Exercise instructions → Starting with the line in which "Let's move on" appears, give back every line exactly as written until the listing ends, excluding pictures.

Material for the task →

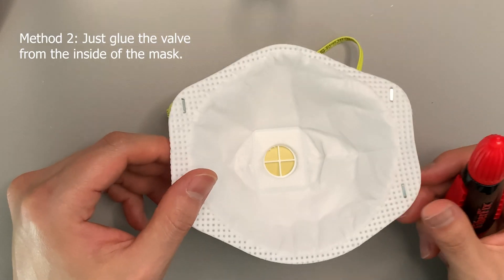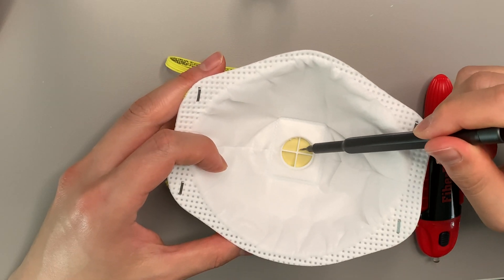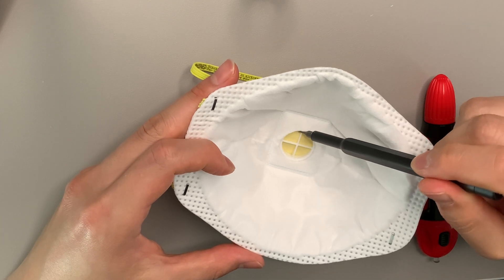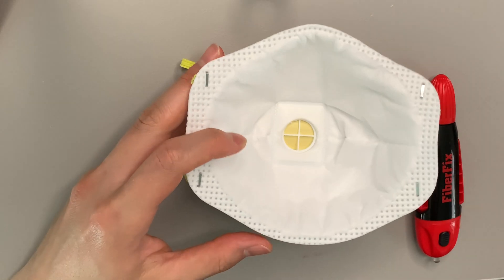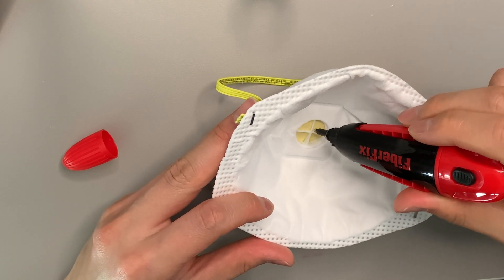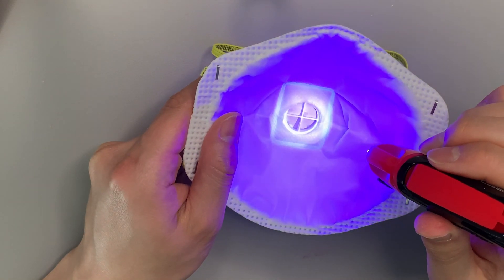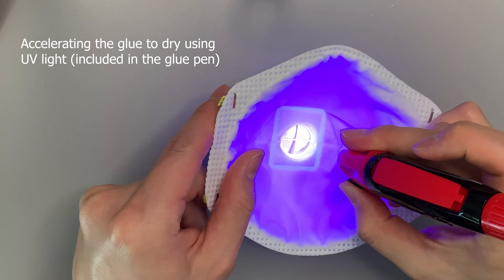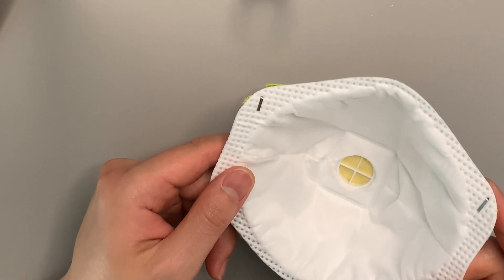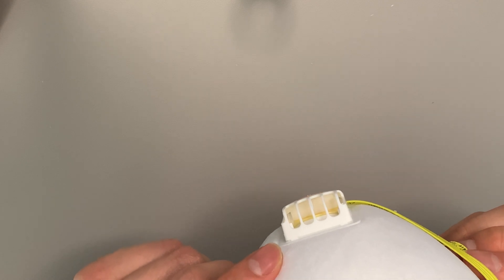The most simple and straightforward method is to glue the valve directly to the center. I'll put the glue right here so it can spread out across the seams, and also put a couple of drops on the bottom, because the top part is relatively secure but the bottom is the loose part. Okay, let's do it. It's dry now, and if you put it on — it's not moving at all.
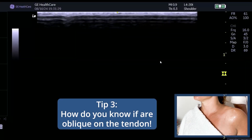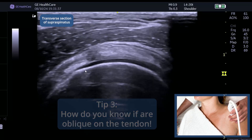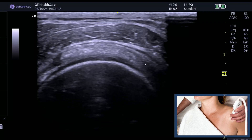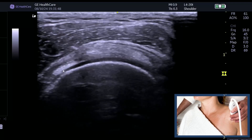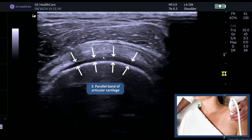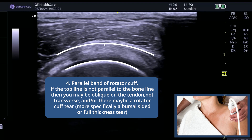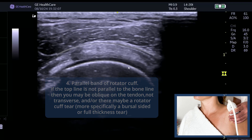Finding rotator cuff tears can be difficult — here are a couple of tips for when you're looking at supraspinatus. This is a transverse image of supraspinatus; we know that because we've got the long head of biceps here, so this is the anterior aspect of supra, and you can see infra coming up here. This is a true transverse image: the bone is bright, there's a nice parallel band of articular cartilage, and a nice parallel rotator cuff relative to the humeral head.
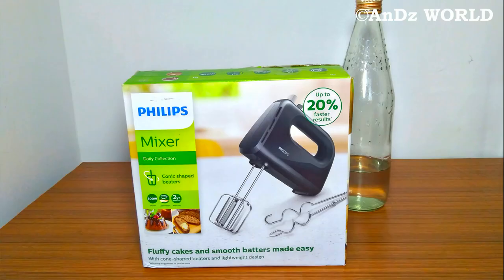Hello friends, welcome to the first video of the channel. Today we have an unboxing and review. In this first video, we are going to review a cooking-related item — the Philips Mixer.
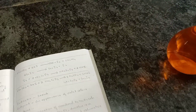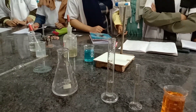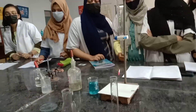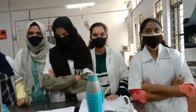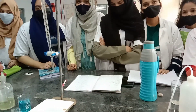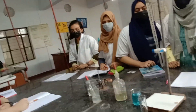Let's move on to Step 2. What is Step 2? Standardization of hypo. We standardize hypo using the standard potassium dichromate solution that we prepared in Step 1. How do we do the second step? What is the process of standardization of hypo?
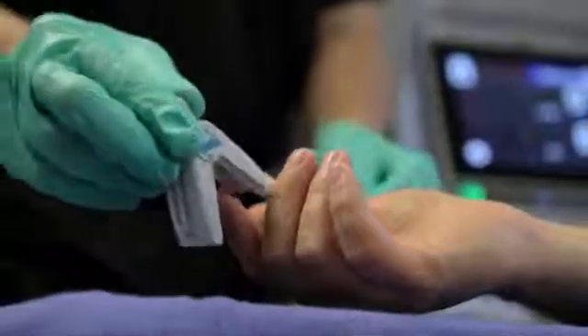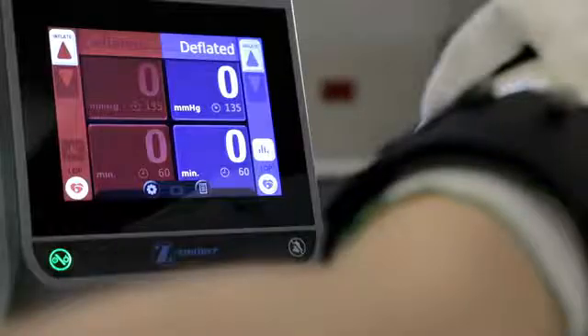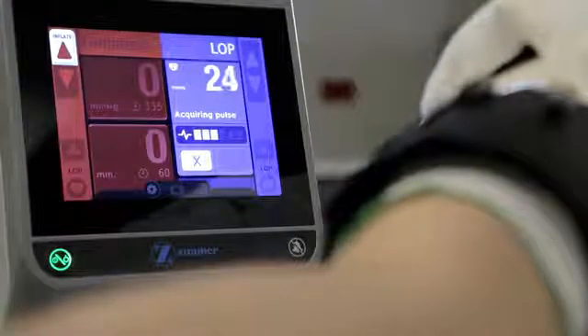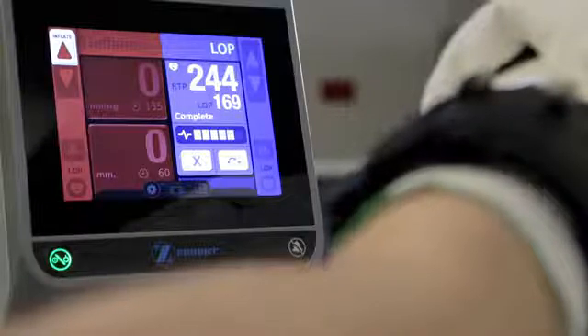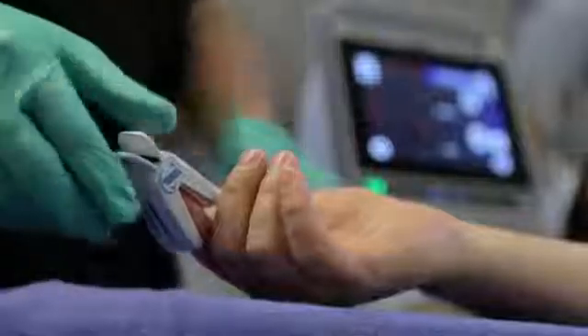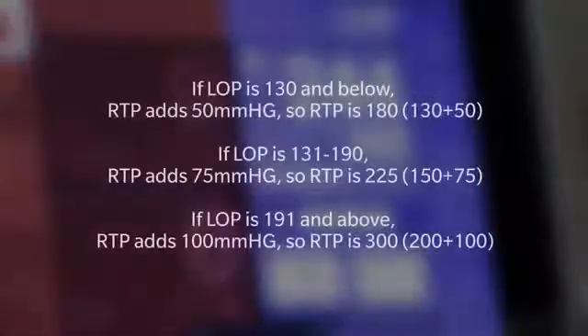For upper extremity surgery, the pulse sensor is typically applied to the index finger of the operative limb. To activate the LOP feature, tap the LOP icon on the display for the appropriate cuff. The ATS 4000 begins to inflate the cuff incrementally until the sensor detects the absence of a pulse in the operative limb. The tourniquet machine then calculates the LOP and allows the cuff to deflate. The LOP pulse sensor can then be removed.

Output for this task →
Let's move on to Step 2. What is Step 2? Standardization of hypo. We standardize hypo using the standard potassium dichromate solution that we prepared in Step 1. How do we do the second step? What is the process of standardization of hypo?
For upper extremity surgery, the pulse sensor is typically applied to the index finger of the operative limb. To activate the LOP feature, tap the LOP icon on the display for the appropriate cuff. The ATS 4000 begins to inflate the cuff incrementally until the sensor detects the absence of a pulse in the operative limb. The tourniquet machine then calculates the LOP and allows the cuff to deflate. The LOP pulse sensor can then be removed.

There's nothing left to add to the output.